Tuesday, July 15, 2014

Honk if You Like Hemingway

At the same time the average lifetime expectancy for individuals has increased, so too has the number of dramatic deaths--those in motion picture and television drama--increased as well.  As a result, you've watched with interest as more characters die and the actors who portray these deaths are called upon to simulate states of plausible, convincing death.

Watching the season opener of Ray Donovan, a series marked by intelligent writing and acting, you noticed one of the characters, a young professional boxer, as he was done to with near brutal effect by a larger, seemingly impenetrable hulk of a fig here.  The character of your focus was floored after a rapid, deadly combination to the body and head.  As he lay on the canvas, the referee beginning the count, the actor's eyes seemed to glaze over, reminding you what a fine performance the actor gave.

In rapid consequence, you recalled Al Pacino's performance as a blind person in the film, The Scent of a Woman, during which there was never a thought of the Pacino character being anything but blind.

How do they do it, these corpses, fighters knocked senseless, the blind, the injured, the young actors portraying older and/or afflicted individuals?

Even though it is not enough, one word defines the mechanism, and is itself a key factor to the art of performance, indeed of writing, of storytelling at any level.  The word is concentration.  The actor concentrates on the who and what of the character.  The writer concentrates on story.  The athlete is "in" the event, concentrated on performance.  The painter concentrates on the inner vision, whether that vision be abstruse or of a high figurative degree or of an intended portrait of absolute realism.

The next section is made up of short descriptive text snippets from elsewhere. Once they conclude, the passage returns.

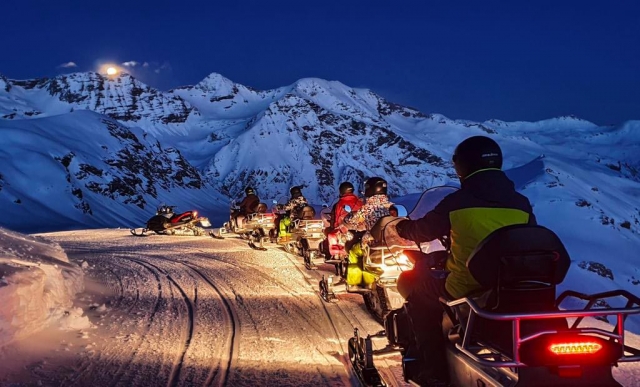 Paseo nocturno en moto de nieve 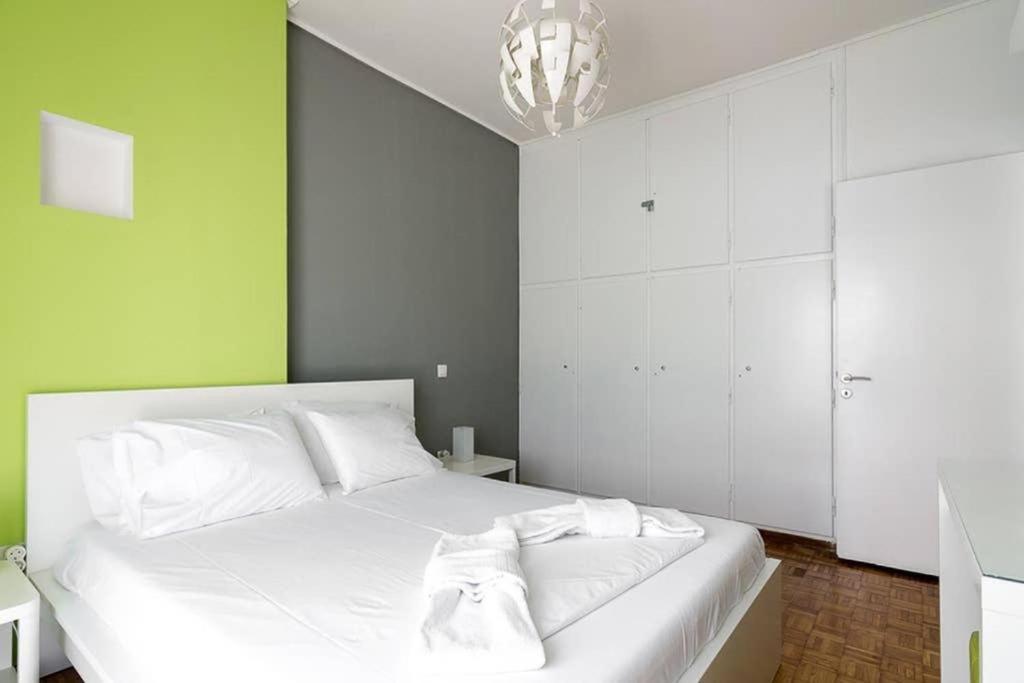 Sunlit 2br Oasis In Metaxourghio 3min From Metro Appartamento Atene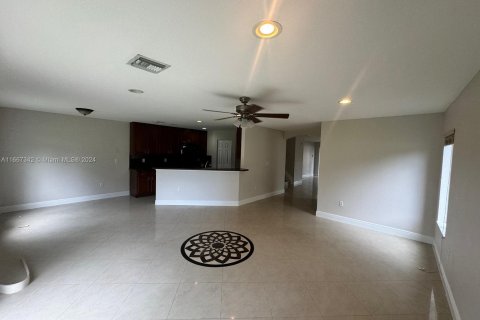 House in Miramar, Florida 4 bedrooms, 249.35 sq.m. № 1381915 - photo 21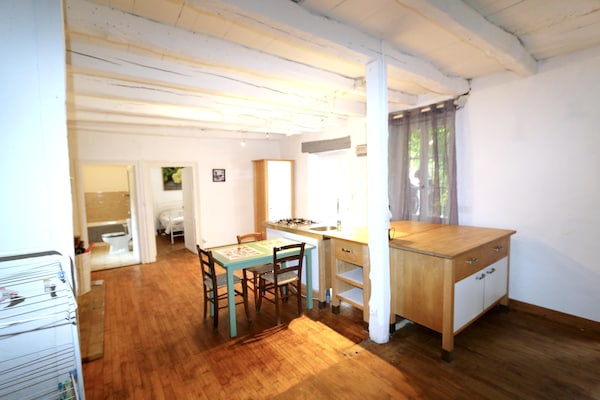 Foto van Blanquefort Woodland Hill Retreat - Vakantiehuis in Blanquefort-Sur-Briolance - DiningRoom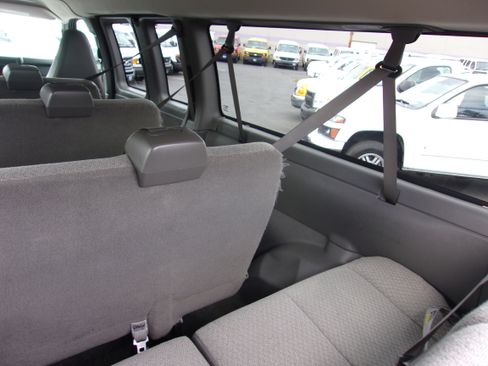 Used 2016 Chevrolet Express 3500 LT w/ LT Preferred Equipment Group image 19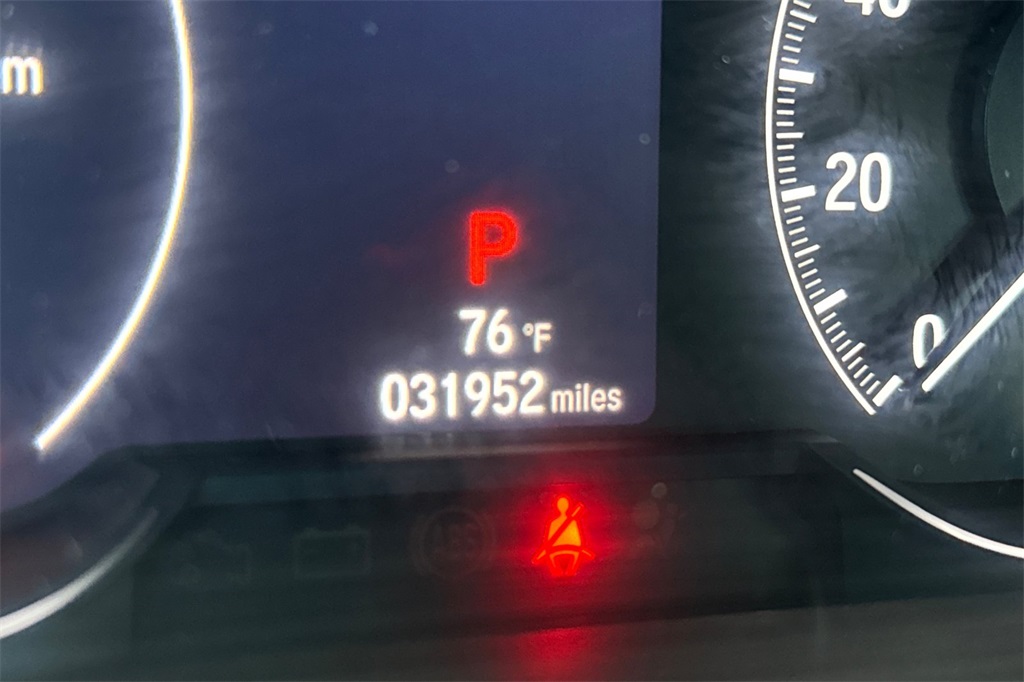 2018 Honda Accord LX photo 29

The performer gains entry into the project by an ability to concentrate.  You are far from stating an original belief with the recognition that the actor is concentrating on a controlled reality, where you have no entry or exit; the actor is concentrating to convince self of a condition, such as death or petite mal seizure or drunken wobbliness.  

The actor is not concentrating to convince you.  The actor is concentrating to convince herself of a condition, a broken heart, a broken leg, a spider descending on its silk, its point of eventual arrival some three or four inches above the perciever's face.

You have tried this form of conversation many times, as a set up to the improvisation of feuding characters in their attempts to hammer out an agreement of sorts, one that will lead the reader to the resolution of the story.  In this improv, the characters ratchet upward the contentiousness and edge in their voices.  Your only awareness at the moment is of the degree of focus, the concentration by which light the reader or audience disappear.

You have seen this degree of concentration dissipate because of the presence of one unnecessary word, a word embodying innocence and at the same time the snap of the finger of a skilled hypnotist, breaking the hypnotic force of concentration in a character.  The unnecessary word is often an adjective or adverb, some unnecessary attribution as it calls attention to itself.

Think of the suspense scenes within movies you've seen where a character, in hiding from a menacing presence, fights the urge to sneeze or pant.  The situations are similar.  A word, meant to send along information to the reader or the audience, now becomes the agent of betrayal.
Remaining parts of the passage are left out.